- O governo dos Estados Unidos classificou o Comando Vermelho e o Primeiro Comando da Capital como organizações terroristas.
- Marina Silva comentou que a medida vai afetar principalmente os “amigos” de quem pediu essa ação, sem citar nomes.
- Ela afirmou, em evento do PT em São Paulo, que a decisão terá impacto direto sobre envolvidos com o crime organizado.
- Marina defendeu as ações do governo Lula no combate ao crime e rejeitou qualquer tipo de intervencionismo no país.
- A ex-ministra mencionou a necessidade de o Brasil cuidar de sua segurança de forma nacionalizada e dialogar com governadores, evitando “gancho” para intervenção externa.
Marina Silva comentou nesta sexta-feira 29 a decisão dos Estados Unidos de classificar o Comando Vermelho e o PCC como organizações terroristas, movimento que afeta o cenário de segurança no Brasil. A ex-ministra falou durante evento do PT em São Paulo.

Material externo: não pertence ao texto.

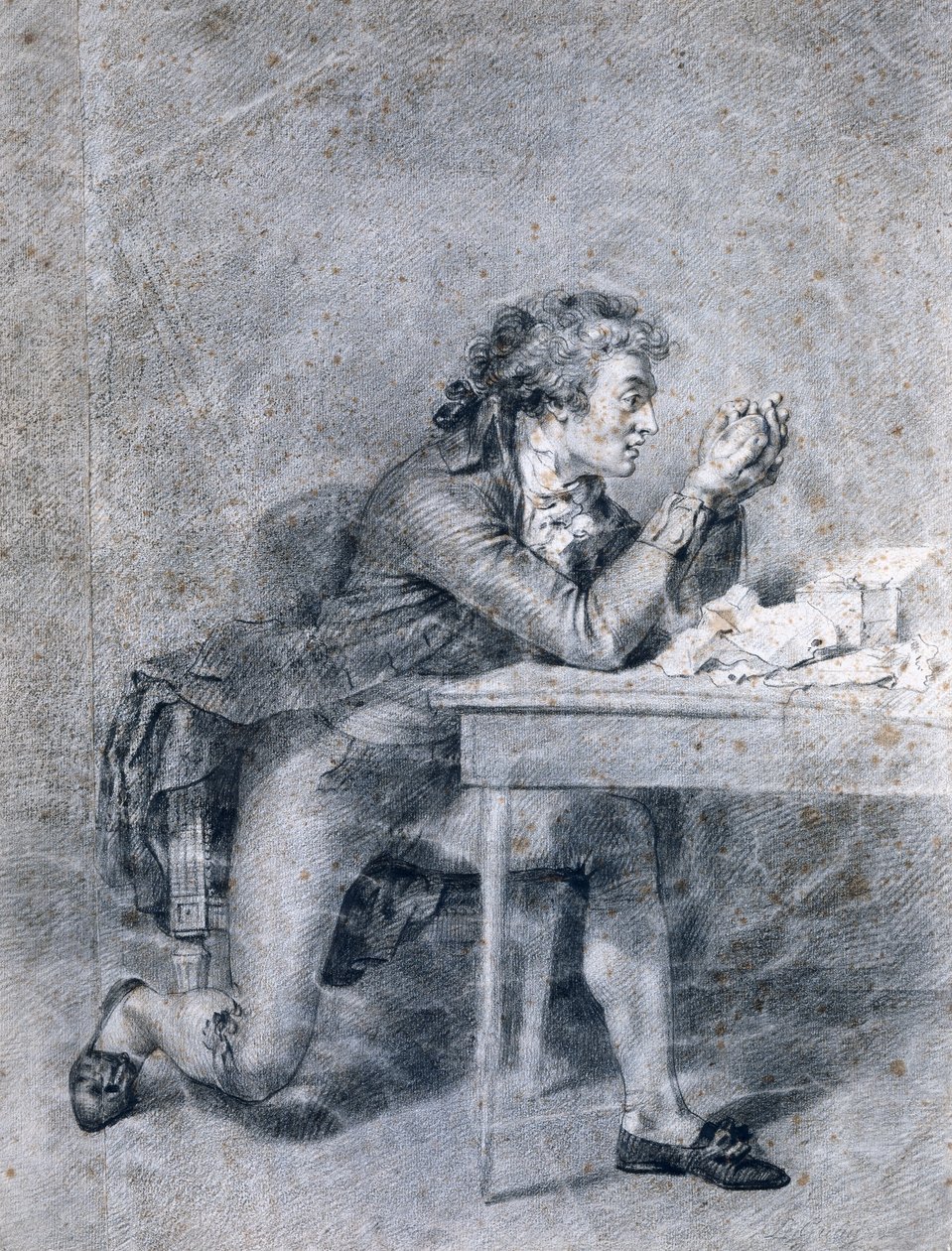 Francois Buzot (1760-94) vurderer en portrettminiatyr av Madame Roland (1754-93) av Etienne Charles Leguay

Ela afirmou que a medida impactará, principalmente, os aliados da pessoa que pediu a intervenção em Washington e que participou de reuniões com autoridades americanas. A fala foi apresentada como observação sobre consequências da classificação para o crime organizado.
Flávio Bolsonaro, pré-candidato do PL à Presidência, esteve nos EUA no início desta semana, onde reuniu-se com o presidente Donald Trump e com o secretário de Estado Marco Rubio. Na quinta-feira, Rubio anunciou a decisão; Flávio comemorou em suas redes sociais.
Marina também elogiou ações do governo Lula no combate ao crime organizado e reforçou a soberania nacional. Ela condenou qualquer intervenção externa que possa ser caracterizada como aventureirismo, dizendo que o Brasil deve tratar de seus problemas de segurança de forma autônoma.